Quantile Regression Deep Q-Network (QR-DQN)

Paper Link: https://ojs.aaai.org/index.php/AAAI/article/view/11791.

Quantile Regression Deep Q-Network (QR-DQN) is an extension of the traditional DQN designed to improve the handling of uncertainty and variance in reinforcement learning, especially in environments where the rewards can be highly variable or noisy. QR-DQN combines elements of quantile regression with DQN, allowing it to learn a distribution over Q-values rather than just a single point estimate. This helps improve the stability and robustness of the learning process.

This table lists some general features about QR-DQN algorithm:

Features of QR-DQN

Values

Description

On-policy

The evaluate policy is the same as the target policy.

Off-policy

The evaluate policy is different from the target policy.

Model-free

No need to prepare an environment dynamics model.

Model-based

Need an environment model to train the policy.

Discrete Action

Deal with discrete action space.

Continuous Action

Deal with continuous action space.

Method

Distributional Reinforcement Learning

Traditional Q-learning estimates the expected return (mean) for each state-action pair. However, in many cases, the returns can be uncertain or variable, and just focusing on the mean may not capture the full picture of this uncertainty.

Distributional reinforcement learning seeks to model the distribution of possible returns for each state-action pair, not just the expected value.

Quantile Regression

Quantile regression is a technique that estimates specific quantiles (e.g., the 50th percentile, 90th percentile) of a distribution, rather than the mean. This allows the model to capture the entire distribution of the possible returns, providing richer information about the variability in future rewards.

In QR-DQN, instead of learning a single Q-value, the agent learns multiple quantiles of the distribution over the Q-values.

Architecture of QR-DQN

In QR-DQN, the Q-value function is represented by a distribution over possible returns. Specifically, the agent approximates the quantile function of the return distribution using a set of quantile values.

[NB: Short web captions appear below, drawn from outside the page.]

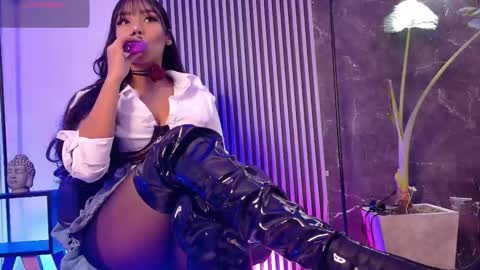 Selena online show from 11.20.25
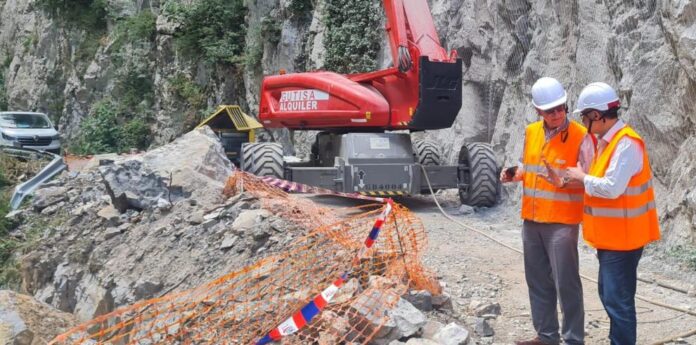 Las obras de reconstrucción de la A-1602 en Foz de Biniés finalizarán a finales de agosto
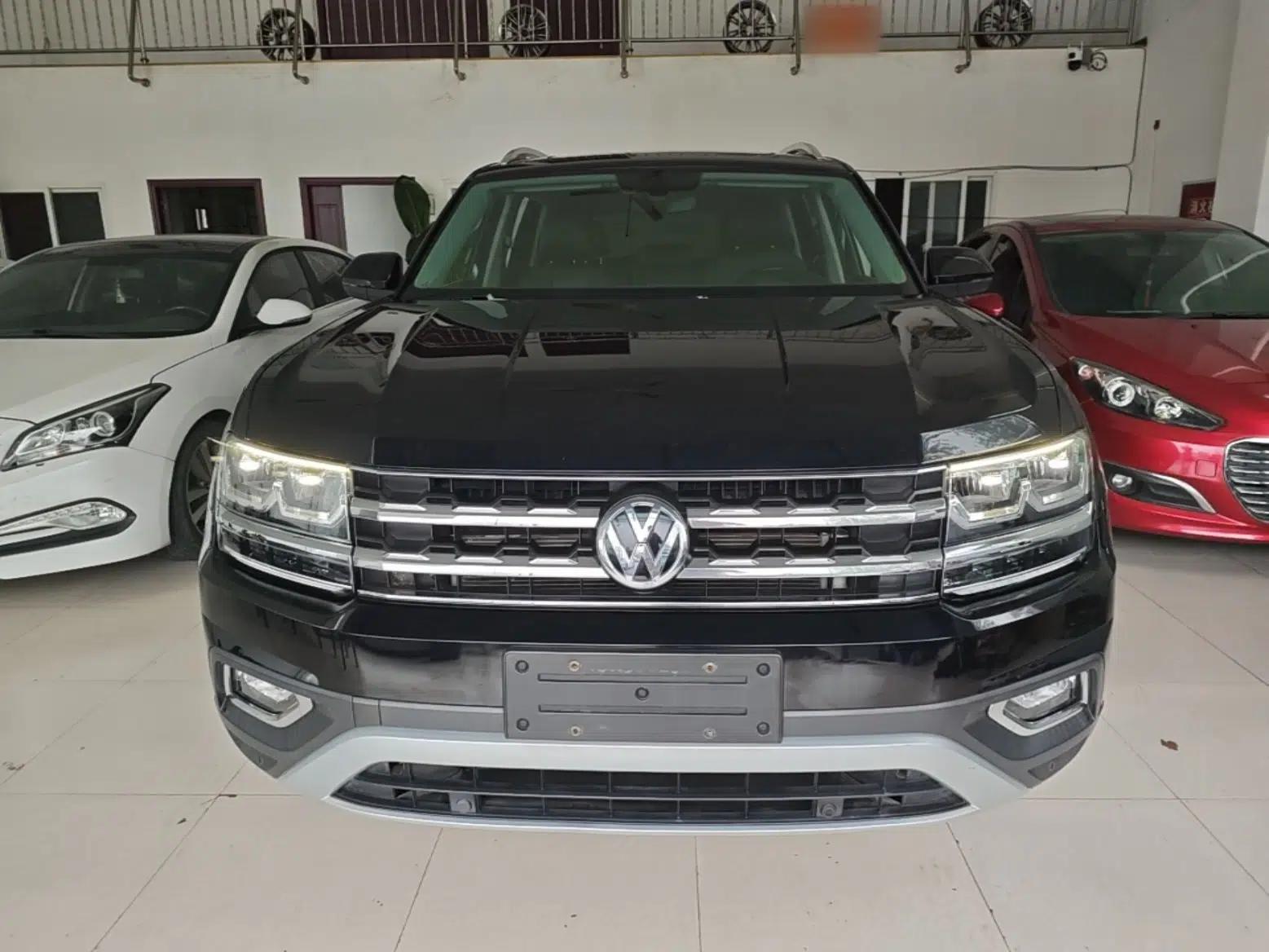 Volkswagen Teramont 2017 330TSI Two-Wheel-Drive Luxury Edition — миниатюра 2
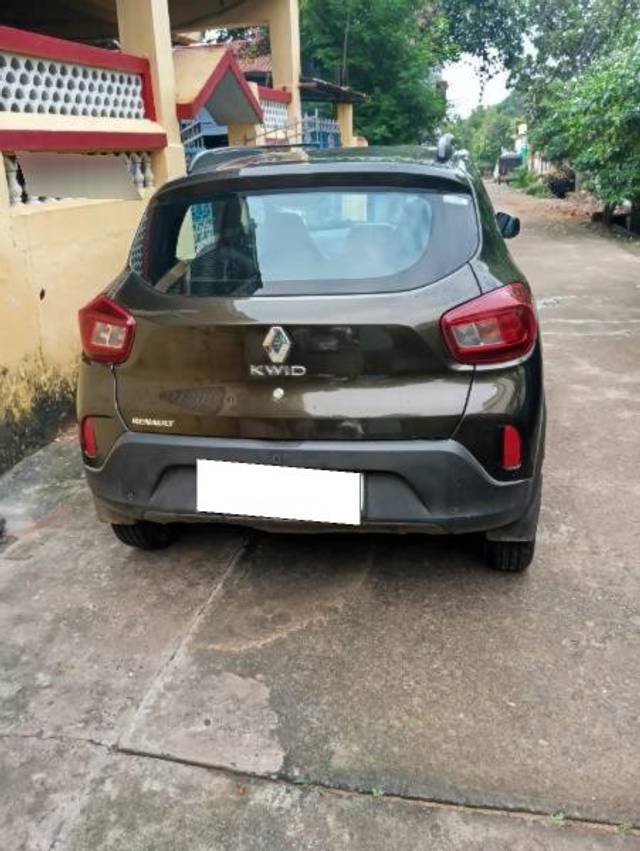 https://images10.gaadi.com/usedcar_image/4112318/original/processed_3b4145a5-0729-4444-b03f-7e4fe94be111.jpg?imwidth=6401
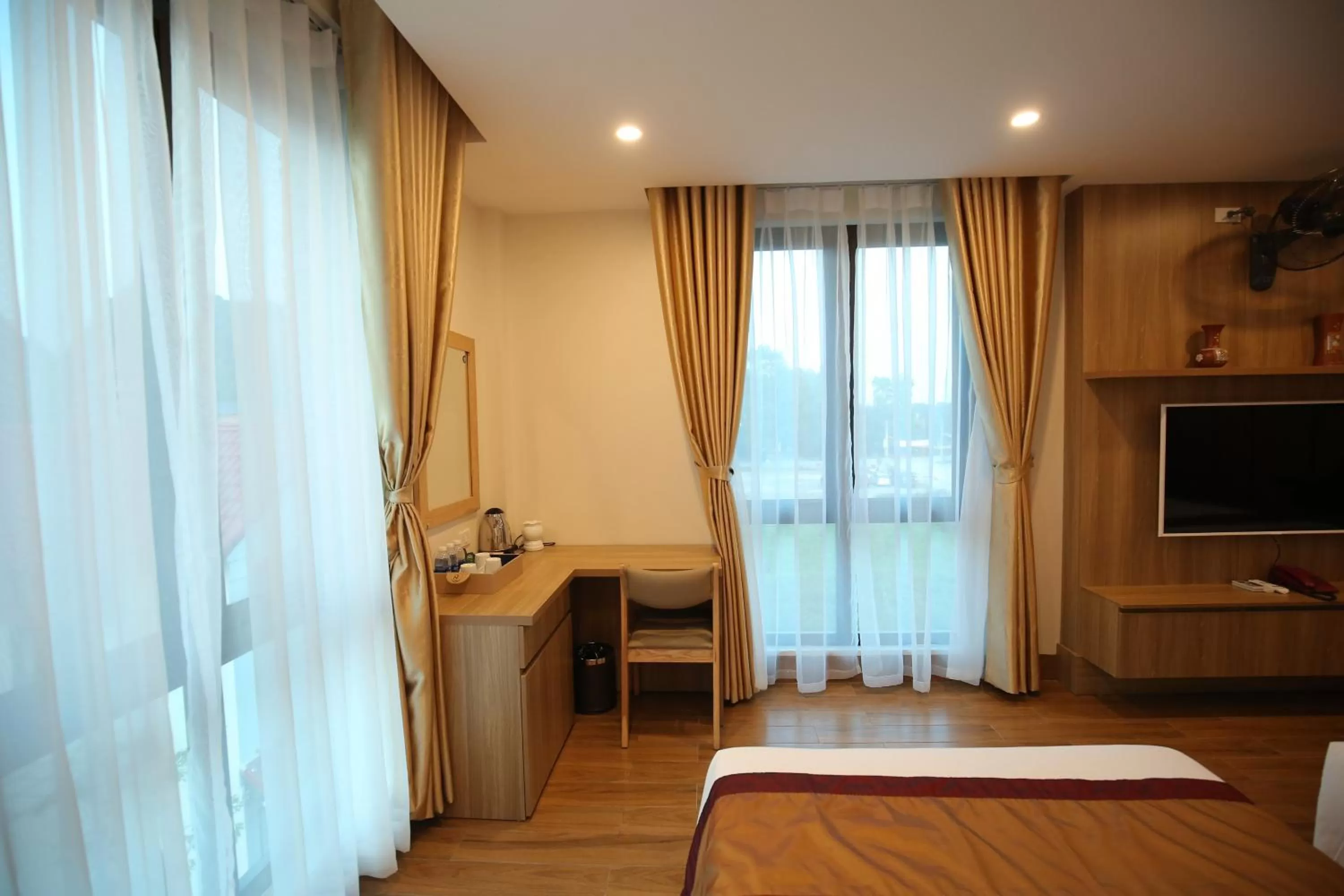 TV and multimedia, TV/Entertainment Center in Cozynibi Hotel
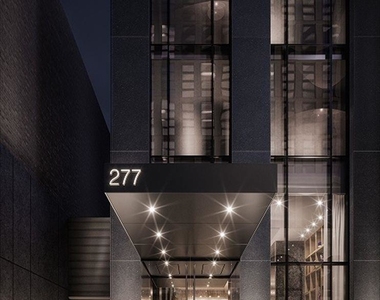 277  Fifth Ave - Photo Thumbnail 9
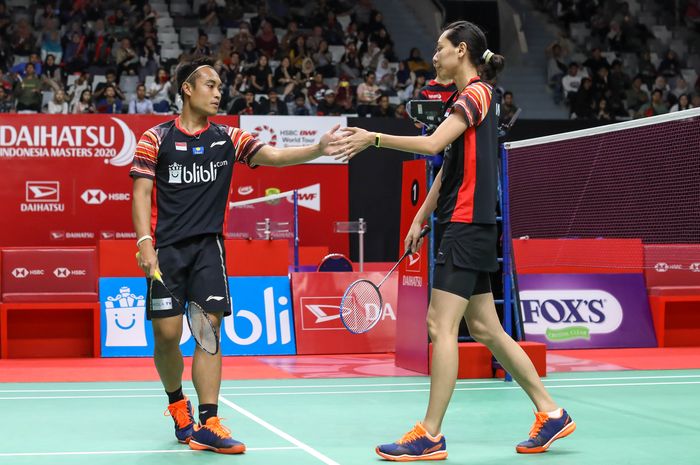 Pasangan ganda campuran Indonesia, Hafiz Faizal/Gloria Emanuelle Widjaja, saat bertanding melawan Zheng Si Wei/Huang Ya Qiong (China) pada babak kesatu Indonesia Masters 2020.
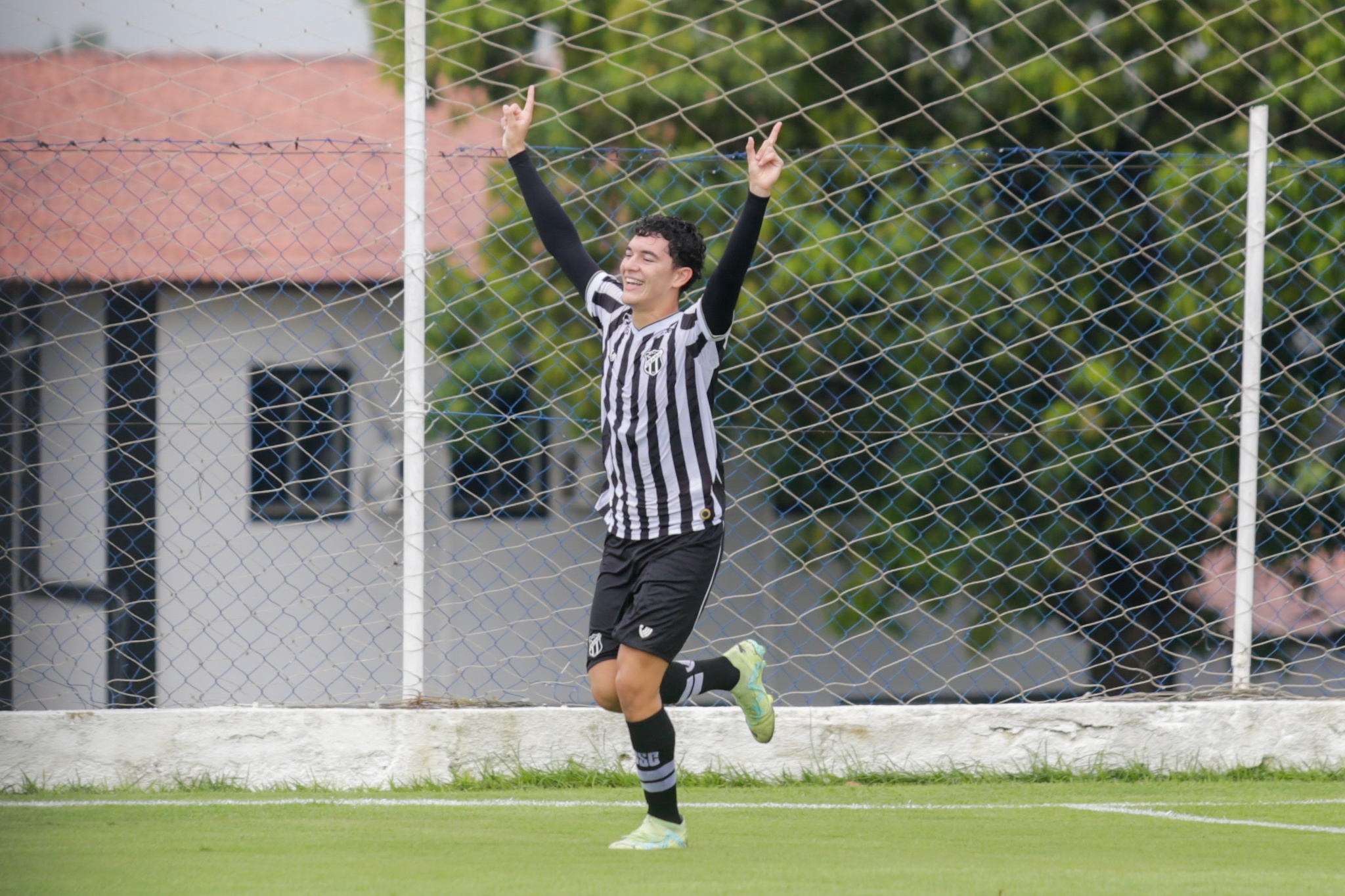 Sub-17: Ceará goleia Tirol por 5 a 0 e segue firme na liderança do Campeonato Cearense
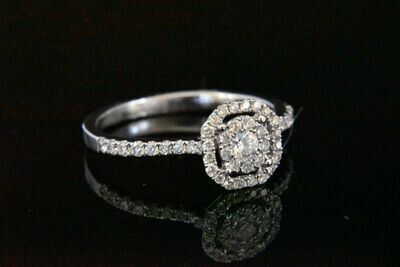 Engagement ring with Diamonds in 18KWG – White Diamonds: 0.41ct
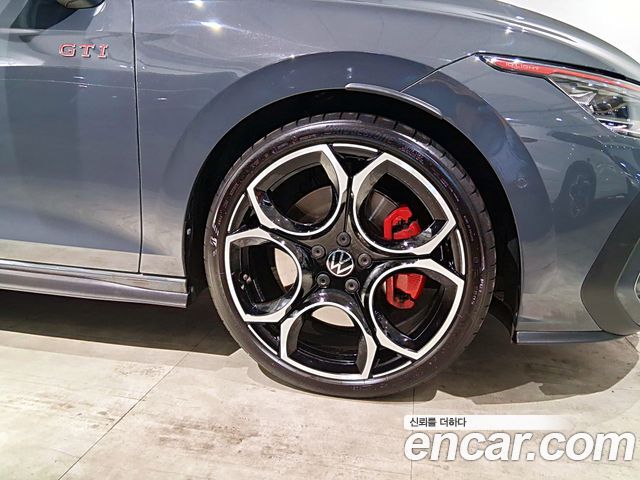 Volkswagen Golf 2.0 GTI — пробег 5 966 км — фото 5 из 5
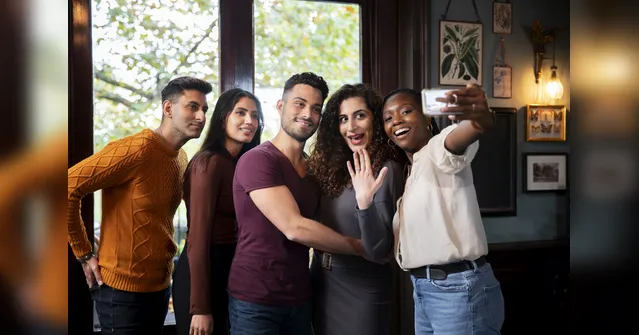 Imagem ilustrativa da notícia Novo estudo confirma que adolescência vai até os 32 anos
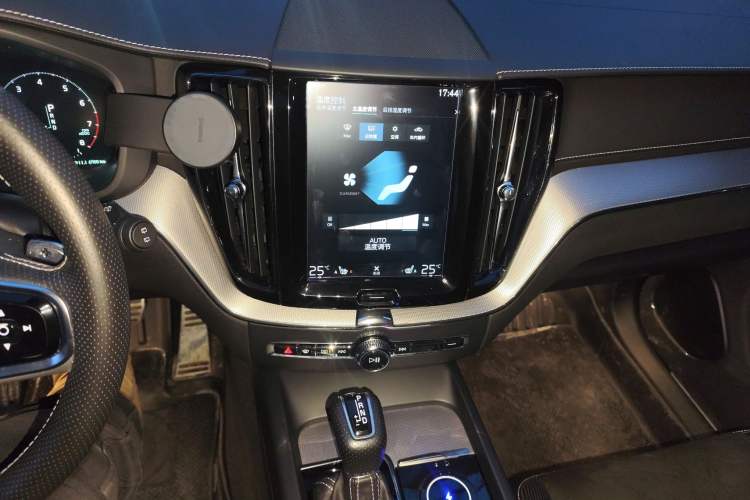 Used Volvo XC60 2019 T5 4x4 Zhiya Sport Edition China VI Standard
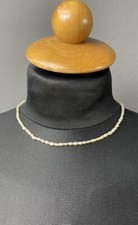 Zarte Echte Perlen Kette mit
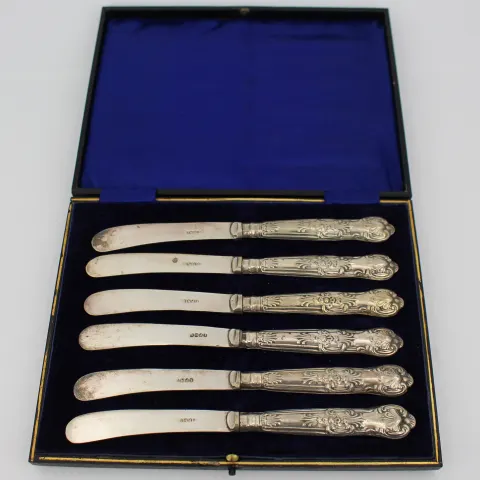 Antique Cased Set of 6 Silver Plated Tea Knives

The quantiles \(\tau_i\) (where \(\tau_i \in [0, 1]\)) correspond to different points in the return distribution (e.g., the 10th, 50th, and 90th percentiles). The algorithm learns a quantile regression loss to estimate the quantiles of the Q-value distribution, rather than learning a single expected Q-value.

Loss function

QR-DQN uses the quantile Huber loss, which is a combination of the Huber loss function (which is less sensitive to outliers) and the quantile loss. The quantile loss penalizes the model based on how well it predicts the desired quantiles of the Q-value distribution.

The quantile loss for a given quantile \(\tau\) is defined as:

\[ L_{\tau}(Q, \hat{Q}) = \rho_{\tau}(r - Q), \]

where \(r\) is the target return (the actual reward or the next state’s predicted value), \(Q\) is the predicted quantile value for a given state-action pair, \(\hat{Q}\) is the corresponding target quantile (from Bellman backup), and \(\rho_{\tau}(z)\) is the check function defined as:

\[ \rho_{\tau}(z) = z(\tau - \mathbb{I}[z<0]), \]

where \(\mathbb{I}[z<0]\) is the indicator function that equals 1 when \(z < 0\) and 0 otherwise.

The quantile regression loss encourages the model to learn quantile values that minimize the discrepancy between the predicted quantiles and the true return distributions.

Algorithm

The full algorithm for training QR-DQN is presented in Algorithm 1:

../../../_images/pseucode-QRDQN.png

Run QR-DQN in XuanCe

Before running QR-DQN in XuanCe, you need to prepare a conda environment and install xuance following the installation steps.

Run Build-in Demos

After completing the installation, you can open a Python console and run QR-DQN directly using the following commands:

import xuance
runner = xuance.get_runner(method='qrdqn',
                           env='classic_control',  # Choices: claasi_control, box2d, atari.
                           env_id='CartPole-v1',  # Choices: CartPole-v1, LunarLander-v2, ALE/Breakout-v5, etc.
                           is_test=False)
runner.run()  # Or runner.benchmark()

Run With Self-defined Configs

If you want to run QR-DQN with different configurations, you can build a new .yaml file, e.g., my_config.yaml. Then, run the QR-DQN by the following code block:

import xuance as xp
runner = xp.get_runner(method='qrdqn',
                       env='classic_control',  # Choices: claasi_control, box2d, atari.
                       env_id='CartPole-v1',  # Choices: CartPole-v1, LunarLander-v2, ALE/Breakout-v5, etc.
                       config_path="my_config.yaml",  # The path of my_config.yaml file should be correct.
                       is_test=False)
runner.run()  # Or runner.benchmark()

To learn more about the configurations, please visit the tutorial of configs.

Run With Custom Environment

If you would like to run XuanCe’s QR-DQN in your own environment that was not included in XuanCe, you need to define the new environment following the steps in New Environment Tutorial. Then, prepapre the configuration file qrdqn_myenv.yaml.

After that, you can run QR-DQN in your own environment with the following code:

import argparse
from xuance.common import get_configs
from xuance.environment import REGISTRY_ENV
from xuance.environment import make_envs
from xuance.torch.agents import QRDQN_Agent

configs_dict = get_configs(file_dir="qrdqn_myenv.yaml")
configs = argparse.Namespace(**configs_dict)
REGISTRY_ENV[configs.env_name] = MyNewEnv

envs = make_envs(configs)  # Make parallel environments.
Agent = QRDQN_Agent(config=configs, envs=envs)  # Create a DDPG agent from XuanCe.
Agent.train(configs.running_steps // configs.parallels)  # Train the model for numerous steps.
Agent.save_model("final_train_model.pth")  # Save the model to model_dir.
Agent.finish()  # Finish the training.

Citations

@inproceedings{dabney2018distributional,
  title={Distributional reinforcement learning with quantile regression},
  author={Dabney, Will and Rowland, Mark and Bellemare, Marc and Munos, R{\'e}mi},
  booktitle={Proceedings of the AAAI conference on artificial intelligence},
  volume={32},
  number={1},
  year={2018}
}